We've had house prices increase nearly 30% over the last year or so, but for the last two months, slight monthly, month-to-month falls, and you are seeing as well those interest rates start to rise.
A lot of first home buyers have had to add
Absolutely put everything on the line to get onto the housing market.
I often refer to it as having to pole vault onto the bottom of the housing market ladder because you're spending now on average 12 years saving up your mortgage deposit.
So you're having to sort of find and scrimp and save every dollar.
You get on the housing ladder, you've got a very, very expensive property, over a million dollars in most cases.
And now interest rates are turning around.

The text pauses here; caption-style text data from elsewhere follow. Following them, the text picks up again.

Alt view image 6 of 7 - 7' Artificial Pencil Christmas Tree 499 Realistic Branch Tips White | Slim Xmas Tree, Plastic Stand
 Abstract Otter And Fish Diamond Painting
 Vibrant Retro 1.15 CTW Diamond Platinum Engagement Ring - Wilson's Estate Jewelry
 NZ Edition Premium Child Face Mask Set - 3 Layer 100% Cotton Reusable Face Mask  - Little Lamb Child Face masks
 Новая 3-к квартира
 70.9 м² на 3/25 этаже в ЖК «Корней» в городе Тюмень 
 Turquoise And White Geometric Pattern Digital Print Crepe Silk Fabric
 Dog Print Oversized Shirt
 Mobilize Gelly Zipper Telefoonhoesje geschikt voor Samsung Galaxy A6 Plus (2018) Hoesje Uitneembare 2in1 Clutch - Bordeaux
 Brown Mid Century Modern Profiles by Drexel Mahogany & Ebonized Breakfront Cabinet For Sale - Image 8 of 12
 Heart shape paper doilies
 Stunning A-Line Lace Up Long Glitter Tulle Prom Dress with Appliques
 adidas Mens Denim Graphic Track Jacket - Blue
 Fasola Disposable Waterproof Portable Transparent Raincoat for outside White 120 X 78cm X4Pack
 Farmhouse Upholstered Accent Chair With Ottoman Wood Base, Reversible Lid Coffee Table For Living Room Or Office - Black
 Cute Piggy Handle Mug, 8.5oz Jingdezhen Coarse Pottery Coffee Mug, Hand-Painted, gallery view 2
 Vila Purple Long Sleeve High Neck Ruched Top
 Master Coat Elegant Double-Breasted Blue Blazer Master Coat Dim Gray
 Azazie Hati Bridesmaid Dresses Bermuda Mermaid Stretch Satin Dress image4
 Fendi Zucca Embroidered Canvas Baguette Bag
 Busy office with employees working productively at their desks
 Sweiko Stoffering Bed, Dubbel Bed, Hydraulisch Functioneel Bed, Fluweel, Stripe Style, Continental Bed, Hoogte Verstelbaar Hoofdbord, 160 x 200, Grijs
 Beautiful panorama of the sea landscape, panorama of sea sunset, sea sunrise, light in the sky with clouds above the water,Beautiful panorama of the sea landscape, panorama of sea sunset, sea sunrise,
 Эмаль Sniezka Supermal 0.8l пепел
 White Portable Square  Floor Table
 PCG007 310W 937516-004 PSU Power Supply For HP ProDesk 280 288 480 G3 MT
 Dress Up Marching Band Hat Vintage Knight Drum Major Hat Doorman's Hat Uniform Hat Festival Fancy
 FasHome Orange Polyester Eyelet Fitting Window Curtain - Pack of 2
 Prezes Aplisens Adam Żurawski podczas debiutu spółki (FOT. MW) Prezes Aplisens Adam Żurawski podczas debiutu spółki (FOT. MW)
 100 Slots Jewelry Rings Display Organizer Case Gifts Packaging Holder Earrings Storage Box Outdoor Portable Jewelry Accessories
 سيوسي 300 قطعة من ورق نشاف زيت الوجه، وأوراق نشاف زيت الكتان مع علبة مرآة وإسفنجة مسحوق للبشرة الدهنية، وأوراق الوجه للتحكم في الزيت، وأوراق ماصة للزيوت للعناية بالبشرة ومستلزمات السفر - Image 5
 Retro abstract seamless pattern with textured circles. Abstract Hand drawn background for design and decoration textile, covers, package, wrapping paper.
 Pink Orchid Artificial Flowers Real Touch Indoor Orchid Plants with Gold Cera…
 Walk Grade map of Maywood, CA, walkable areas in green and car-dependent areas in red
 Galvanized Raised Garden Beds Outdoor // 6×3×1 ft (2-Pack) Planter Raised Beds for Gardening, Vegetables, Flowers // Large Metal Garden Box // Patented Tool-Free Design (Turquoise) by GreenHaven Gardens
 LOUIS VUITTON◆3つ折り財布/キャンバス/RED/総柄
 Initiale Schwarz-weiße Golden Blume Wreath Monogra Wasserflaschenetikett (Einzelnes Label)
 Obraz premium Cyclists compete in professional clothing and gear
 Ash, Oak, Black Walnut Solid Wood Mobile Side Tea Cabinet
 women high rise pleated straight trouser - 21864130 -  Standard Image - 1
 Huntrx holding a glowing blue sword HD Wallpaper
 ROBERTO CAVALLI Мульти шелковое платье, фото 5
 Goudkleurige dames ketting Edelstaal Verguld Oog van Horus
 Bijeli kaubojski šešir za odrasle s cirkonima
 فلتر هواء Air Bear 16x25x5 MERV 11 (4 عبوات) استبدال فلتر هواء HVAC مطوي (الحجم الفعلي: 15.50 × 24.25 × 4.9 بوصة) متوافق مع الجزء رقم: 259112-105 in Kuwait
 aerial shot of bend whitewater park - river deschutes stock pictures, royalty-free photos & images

Now house prices are shifting away.
So for new buyers recently, they might well find themselves with a house that is worth less than they originally paid it, but with some pretty big mortgages to pay, especially as interest rates rise.
And I think, you know, the Reserve Bank's expectations around house prices have massively shifted from last time.
Back in November, their call on house prices was far, far more upbeat.
They thought they were going to continue to go up and up and up before they eventually showed some sort of slowdown or flattening in house price growth to be picking, you
Falls now is quite a big move, but it is also in keeping with other expectations.
And I guess a big driver of that expectation on the housing front is because of those rapidly rising interest rates.
We've seen a one-year fixed rate increase by over 100 basis points in the last year.
That's starting to really impact.
people who are trying to get lending because they're going, well, gosh, I've got to pay a lot more now to actually service the mortgage.